Replace the drywall you cut out and pre-fill the patch tight with hot mud. Do not tape! If I see tape, I will rip it off. I can't have my work rely on someone else's. I don't know if they did it correctly.


----------



## MHElectric (Oct 27, 2012)

Sir Mixalot said:


> What I like to do is pre cut the piece of drywall for the repair and then trace it with a pencil. That way the drywall is a perfect fit every time. And if it's just a smaller hole, I'll just add a furring strip to attach the drywall to. :thumbsup:
> 
> https://www.youtube.com/watch?v=6BYHLQ8zmaU


There you go. Nice video.

*Usually*, when we cut a hole, we cut something big enough to get in there and get the job done. Not a little sissy hole. :laughing:

But wherever it is something small like that, I'll do a hot patch.


----------



## scottktmrider (Jun 24, 2012)

I I just tell the plumber to take his hammer and beat a hole out than I'll square it up when I patch it. I don't like to break on a stud when I am putting a patch in would rather throw some blocks in its not so humped


----------



## MarkJames (Nov 25, 2012)

CrpntrFrk said:


> Keep a package of these with you;
> 
> 
> 
> ...


Are the clips proud of the wall surface with those things? 

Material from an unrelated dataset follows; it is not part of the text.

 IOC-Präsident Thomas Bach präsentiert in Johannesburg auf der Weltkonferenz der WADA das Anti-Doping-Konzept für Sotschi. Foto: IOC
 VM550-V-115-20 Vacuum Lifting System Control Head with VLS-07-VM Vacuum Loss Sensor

I mostly add some strips of ply backing and screw the patch to that.


----------



## CrpntrFrk (Oct 25, 2008)

MarkJames said:


> Are the clips proud of the wall surface with those things?
> 
> I mostly add some strips of ply backing and screw the patch to that.


They snap off when you are all screwed off. They are great because you can keep them on the truck and they don't take up much room.


----------



## Sir Mixalot (Jan 6, 2008)

MHElectric said:


> There you go. Nice video.
> 
> *Usually*, when we cut a hole, we cut something big enough to get in there and get the job done. Not a little sissy hole. :laughing:
> 
> But wherever it is something small like that, I'll do a hot patch.

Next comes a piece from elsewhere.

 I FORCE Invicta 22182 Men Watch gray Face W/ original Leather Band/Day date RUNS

That tracing technique works with larger holes too.


----------



## EthanB (Sep 28, 2011)

icerock drywall said:


> please...why dont you just tell him to keep a pan and roller and he can paint it too...hope he brings his cleaning tools for all the dust he should not make ....I would think the painter behind him has tools and has fixed more holes then a elec.


Maybe he's decent with patching? I don't know and neither do you. I don't assume that everyone is incompetent at every trade except for the one stated. If you wanted to replace a receptacle in your own home I wouldn't tell you to hire an electrician either.

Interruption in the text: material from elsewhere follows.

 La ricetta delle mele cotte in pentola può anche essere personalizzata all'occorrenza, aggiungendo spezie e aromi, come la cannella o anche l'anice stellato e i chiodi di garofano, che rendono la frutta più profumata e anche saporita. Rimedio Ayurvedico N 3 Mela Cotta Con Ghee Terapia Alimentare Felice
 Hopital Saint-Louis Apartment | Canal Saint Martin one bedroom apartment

If it's a regular occurrence for him then I think it would be a good idea for him to practice patching enough that he could do a decent job of it. I don't know a single drywaller that will come out to a customers house and do a little patch unless they are completely out of work.


----------



## icerock drywall (Aug 16, 2012)

EthanB said:


> Maybe he's decent with patching? I don't know and neither do you. I don't assume that everyone is incompetent at every trade except for the one stated. If you wanted to replace a receptacle in your own home I wouldn't tell you to hire an electrician either.
> 
> If it's a regular occurrence for him then I think it would be a good idea for him to practice patching enough that he could do a decent job of it. I don't know a single drywaller that will come out to a customers house and do a little patch unless they are completely out of work.


dont you ever talk to me like that:thumbup:...I am a finisher and yes I know how to do plumbing,electric work, and construction work I just get sick of the post that are all the same...if you want to know how to patch there are over 20 post here and more on drywall talk....so I had to mix it up a little


----------



## Big Shoe (Jun 16, 2008)

:detective::detective::detective:


scottktmrider said:


> I I just tell the plumber to take his hammer and beat a hole out than I'll square it up when I patch it. I don't like to break on a stud when I am putting a patch in would rather throw some blocks in its not so humped


I hope you're kidding.............Or you're the plumber ..........I always love walking into a spotless home and having to hang plastic and cover the floors to RE-CUT the holes that someone could not do right the first time. It's not rocket science. 

Due to running into that situation more time than I can count, I gave up and just started cutting crazy pieces to fit crazy crooked holes. Sometimes it was easier than making more dust.

And I do like Mix said a lot. Trace the new piece and cut out. :thumbsup:


----------



## scottktmrider (Jun 24, 2012)

Big Shoe said:


> :detective::detective::detective:
> 
> I hope you're kidding.............Or you're the plumber ..........I always love walking into a spotless home and having to hang plastic and cover the floors to RE-CUT the holes that someone could not do right the first time. It's not rocket science.
> 
> ...


The plumbers I know, I don't want them to cut my holes


----------



## illbuildit.dd (Jan 7, 2015)

The advice I would give is to sheetrock it then leave it alone. Drywallers HATE finishing a patch someone else started, especially a non drywaller. No shame in just a piece of rock on the wall


----------



## blacktop (Oct 28, 2012)

MarkJames said:


> Are the clips proud of the wall surface with those things?
> 
> I mostly add some strips of ply backing and screw the patch to that.


Well I'll be ! Looks like Mr Riggs did well with that little invention . 

Last I heard from him he was not well health wise . I hope he Is over that now and rolling in the dough! :thumbup:


----------